A dispatcher with the Riverside police and fire departments told the Los Angeles Times that the agencies were notified of the incident at about 6:30 p.m. at the Galleria at Tyler, in the 1200 block of Tyler Street (map).

Officers arrived at the scene and determined that three male robbers had entered a jewelry store inside the mall and "started smashing the glass counters with sledgehammers," the Riverside Police Department said in a statement published on Facebook.

"The noise heard from the breaking glass was reported as gunfire," the post said.

Scores of law enforcement officers, including some from the Riverside County Sheriff's Department and the police departments of San Bernardino and Eastvale, descended on the mall and assisted in locking it down.

After authorities discovered that the robbers had fled the scene, officers were "searching the businesses to ensure the safety of all inside," the Riverside police statement said. No additional description of the trio was immediately available.

The episode prompted an outcry on social media, where conflicting reports initially described a possible "active shooter" or armed robbery at the popular retail destination.

Soon afterward, however, the head of a neighboring police agency said descriptions of gunfire were erroneous.

"Officers were called to Riverside Incident as a mutual aid - shooting call. Shooting unfounded," tweeted San Bernardino police Chief Jarrod Burguan, whose department had responded days earlier to a deadly shooting rampage at the Inland Regional Center in that city.

@SanBernardinoPD officers were called to Riverside Incident as a mutual aid - shooting call. Shooting unfounded. — Chief Jarrod Burguan (@SBPDChief) December 7, 2015

Multiple ambulances were seen in the Galleria at Tyler's parking lot Sunday night, but no injuries were reported.

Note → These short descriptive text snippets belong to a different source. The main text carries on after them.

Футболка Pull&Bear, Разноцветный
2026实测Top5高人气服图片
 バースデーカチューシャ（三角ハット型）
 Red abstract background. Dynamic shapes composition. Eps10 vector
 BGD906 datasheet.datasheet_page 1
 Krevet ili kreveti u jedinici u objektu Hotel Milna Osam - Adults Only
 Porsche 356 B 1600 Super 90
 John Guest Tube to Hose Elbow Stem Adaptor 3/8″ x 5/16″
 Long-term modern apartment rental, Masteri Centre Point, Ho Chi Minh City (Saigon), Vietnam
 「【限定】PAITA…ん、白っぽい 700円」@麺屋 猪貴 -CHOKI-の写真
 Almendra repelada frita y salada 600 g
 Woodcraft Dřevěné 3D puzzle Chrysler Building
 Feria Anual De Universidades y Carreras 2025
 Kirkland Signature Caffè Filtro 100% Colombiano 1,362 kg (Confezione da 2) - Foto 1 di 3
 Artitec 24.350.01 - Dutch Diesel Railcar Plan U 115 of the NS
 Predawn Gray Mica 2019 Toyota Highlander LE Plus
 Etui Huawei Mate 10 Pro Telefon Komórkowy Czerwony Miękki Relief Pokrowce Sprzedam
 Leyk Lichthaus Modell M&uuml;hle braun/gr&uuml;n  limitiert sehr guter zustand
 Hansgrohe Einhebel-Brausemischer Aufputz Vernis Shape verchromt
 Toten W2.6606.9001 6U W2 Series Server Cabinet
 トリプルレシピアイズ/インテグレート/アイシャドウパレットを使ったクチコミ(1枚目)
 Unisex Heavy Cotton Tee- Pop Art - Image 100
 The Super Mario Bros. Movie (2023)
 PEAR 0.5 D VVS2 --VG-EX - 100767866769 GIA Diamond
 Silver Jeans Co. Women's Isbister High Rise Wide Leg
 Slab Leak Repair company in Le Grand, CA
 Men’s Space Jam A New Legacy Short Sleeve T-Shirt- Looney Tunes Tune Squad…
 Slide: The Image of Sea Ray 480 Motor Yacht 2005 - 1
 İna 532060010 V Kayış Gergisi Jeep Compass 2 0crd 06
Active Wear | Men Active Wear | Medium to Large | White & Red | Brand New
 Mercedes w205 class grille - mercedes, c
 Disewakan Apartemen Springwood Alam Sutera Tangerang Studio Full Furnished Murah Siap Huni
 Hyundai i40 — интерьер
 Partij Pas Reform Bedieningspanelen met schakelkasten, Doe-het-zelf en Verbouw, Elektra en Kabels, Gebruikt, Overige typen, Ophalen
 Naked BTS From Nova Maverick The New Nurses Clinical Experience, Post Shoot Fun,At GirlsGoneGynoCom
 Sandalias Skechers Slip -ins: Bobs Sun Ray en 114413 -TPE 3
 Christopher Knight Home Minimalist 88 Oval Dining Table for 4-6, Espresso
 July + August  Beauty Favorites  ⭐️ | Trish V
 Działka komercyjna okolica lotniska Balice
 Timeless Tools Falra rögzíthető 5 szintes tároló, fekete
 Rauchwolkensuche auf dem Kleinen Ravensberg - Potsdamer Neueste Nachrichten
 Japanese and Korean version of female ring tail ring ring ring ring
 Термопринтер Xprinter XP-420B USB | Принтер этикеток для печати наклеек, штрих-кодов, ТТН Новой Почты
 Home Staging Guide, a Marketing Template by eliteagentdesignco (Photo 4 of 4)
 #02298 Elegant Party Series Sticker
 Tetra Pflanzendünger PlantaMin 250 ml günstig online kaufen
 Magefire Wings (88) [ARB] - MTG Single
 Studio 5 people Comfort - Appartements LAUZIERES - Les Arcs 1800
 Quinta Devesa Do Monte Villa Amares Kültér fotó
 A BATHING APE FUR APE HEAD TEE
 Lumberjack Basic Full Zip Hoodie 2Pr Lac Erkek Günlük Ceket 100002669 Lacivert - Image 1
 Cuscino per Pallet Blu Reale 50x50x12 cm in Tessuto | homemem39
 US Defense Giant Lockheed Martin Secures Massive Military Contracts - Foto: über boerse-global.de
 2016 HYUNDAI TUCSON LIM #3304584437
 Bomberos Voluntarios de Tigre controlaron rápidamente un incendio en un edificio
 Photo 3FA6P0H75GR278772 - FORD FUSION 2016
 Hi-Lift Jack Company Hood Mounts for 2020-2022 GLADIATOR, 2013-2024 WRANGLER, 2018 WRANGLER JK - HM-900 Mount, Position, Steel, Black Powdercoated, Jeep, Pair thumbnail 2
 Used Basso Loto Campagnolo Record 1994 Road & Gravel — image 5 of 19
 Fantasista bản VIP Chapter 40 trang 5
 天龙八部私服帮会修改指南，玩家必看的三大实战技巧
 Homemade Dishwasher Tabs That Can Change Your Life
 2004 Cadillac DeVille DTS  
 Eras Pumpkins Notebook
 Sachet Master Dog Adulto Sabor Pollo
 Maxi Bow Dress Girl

A witness who was inside the mall at the time of the incident described a chaotic scene.

"I understood that they tried to rob a Robbins Brothers jewelry store," Eloy Medina, 42, said in an interview with The Times. "There were two definitely loud bangs which made all the shoppers on the first floor start running for their lives."

Another witness told KTLA that a Ben Bridge jewelry store had been robbed.